British Columbia will phase out fish farms to help wild salmon
British Columbia will phase out 17 commercial salmon farms off the northeast coast of Vancouver Island to aid in the migration and restoration of wild West Coast salmon runs, under an agreement between the B.C. government and Aboriginal First Nations.
The fish farms are located in the Broughton Archipelago at the entrance to Johnstone Strait, a major migration route for coastal and Fraser River salmon.
They are not far from Robson Bight, a bay that is a major gathering point for the northern resident orca whale population and renowned for whales coming close ashore and rubbing on the pebbles of its beaches.
The action in British Columbia comes months after Washington Lands Commissioner Hilary Franz terminated the lease for Cooke Aquaculture's Cypress Island fish farm, from which hundreds of thousands of Atlantic salmon escaped in a mishap last year.
The Department of Natural Resources has also canceled Cooke's lease for its Atlantic salmon net farm at Ediz Hook near Port Angeles.

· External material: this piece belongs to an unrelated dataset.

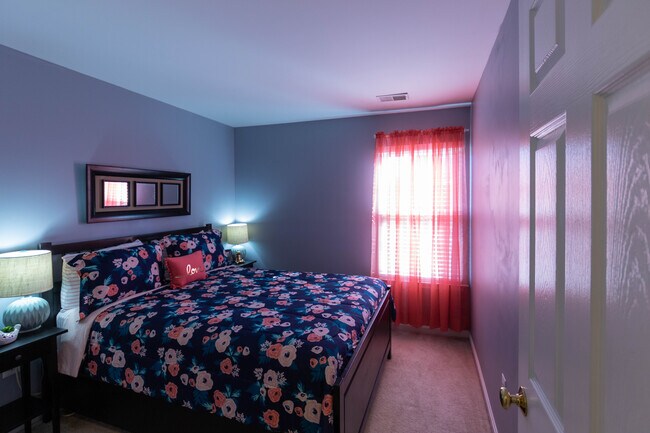 Building Photo - 3023 Cahill Ln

In British Columbia, Aboriginal First Nations groups had protested, and at times occupied, the fish farms. They were worried that diseases from salmon pens would spread to migrating salmon, and concerned over the potential escape of Atlantic salmon.

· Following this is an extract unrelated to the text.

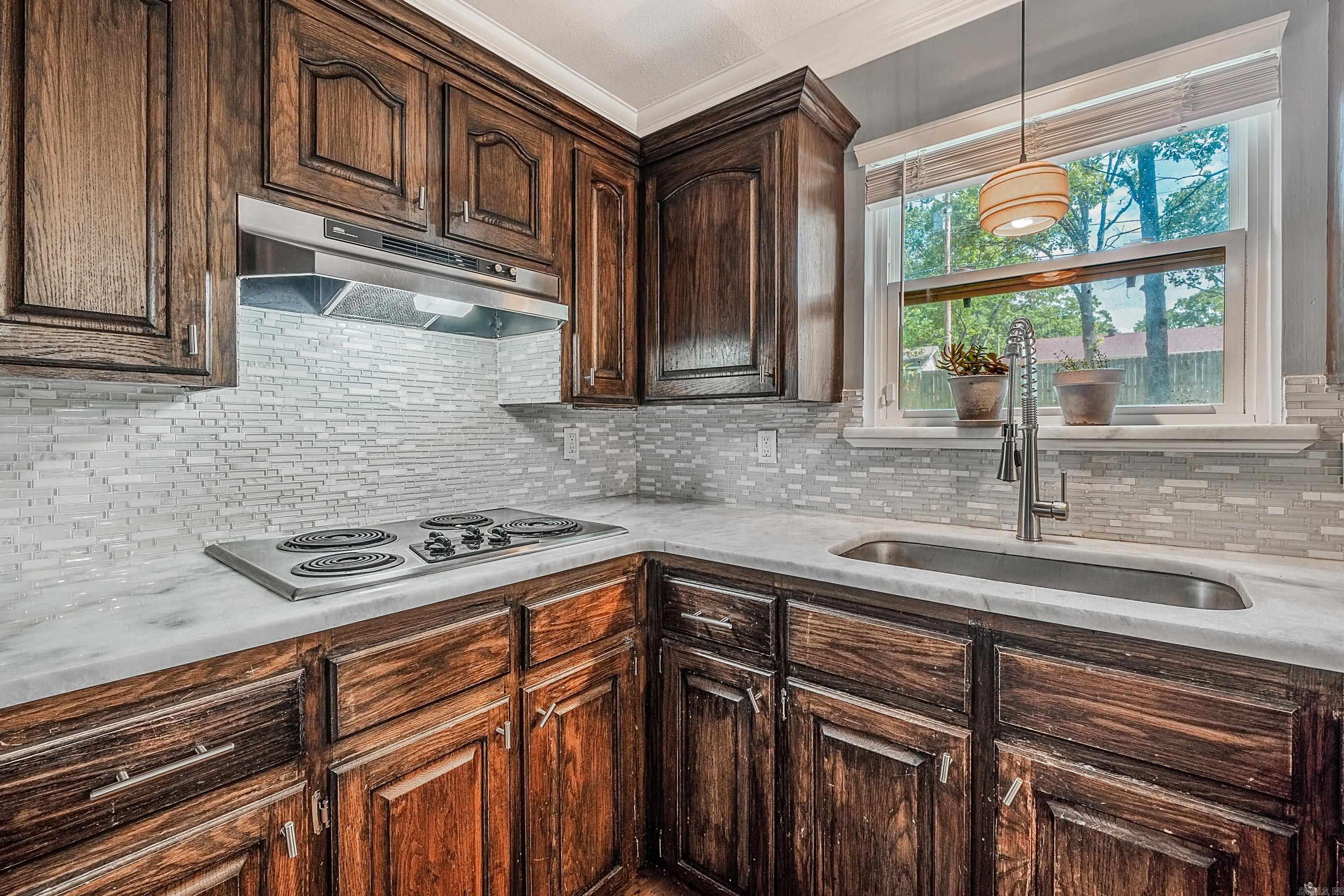 INDIAN HILLS - Residential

After the Cypress Island accident, escaped Atlantic salmon were found as far distant as the Harrison River in British Columbia, and far up the Skagit River in Washington.
"Our governments have come together to help revitalize and protect wild salmon and provide greater economic certainty for communities and local workers," said British Columbia Premier John Horgan.

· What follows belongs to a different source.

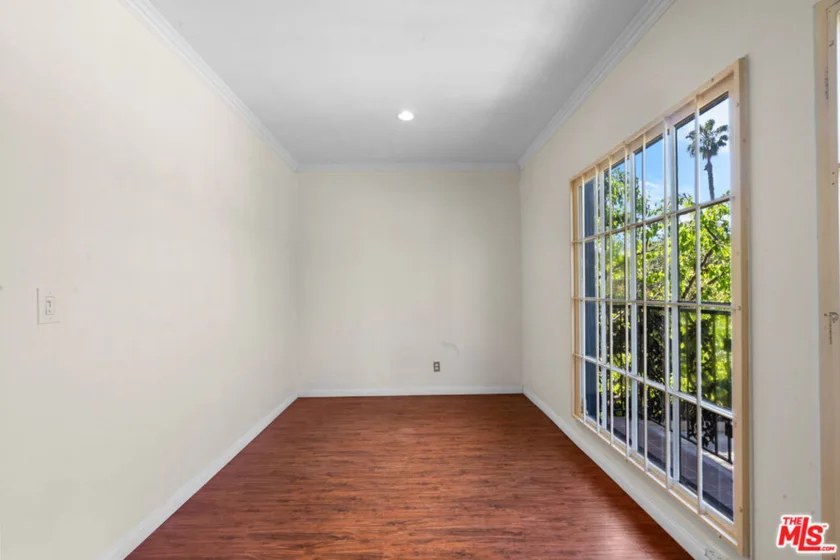 822 S Windsor Boulevard #102 photo 8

Ten of the fish farms will be phased out by 2022, with the conditional closure of seven more a year later. The closures have been agreed to by Marine Harvest Canada and Cermaq Canada, operators of the salmon farms.
"This is a big step to protecting wild salmon and towards reconciliation," said Peter McCartney of the Wilderness Committee, a Vancouver-based group that has worked to protect wild salmon runs and orca whales.
"We're grateful to the indigenous communities who have been fighting to get these fish farms out of their territories for decades and we look forward to this consent-based approach being applied across British Columbia."
Echoing a commitment to restoring habitat made Thursday by his neighbor Gov. Jay Inslee, Horgan said the fish farm phaseout will be "a foundation of focusing on rehabilitation of streams and rivers in the area so that wild salmon can return to the abundance we knew in the past."
"We're going to have salmon enhancements to our territories, and we're going to achieve a lot of the dreams of leaders before my time," said Robert Chamberlin, a First Nations leader who appeared with Horgan.
The northern resident orca whale population is in far better shape than the southern resident population, which inhabits waters of the Salish Sea including our San Juan Islands and the Gulf Islands of British Columbia.
The government of Horgan's New Democratic Party depends on votes from three Green Party members of the B.C. Legislature to stay in power.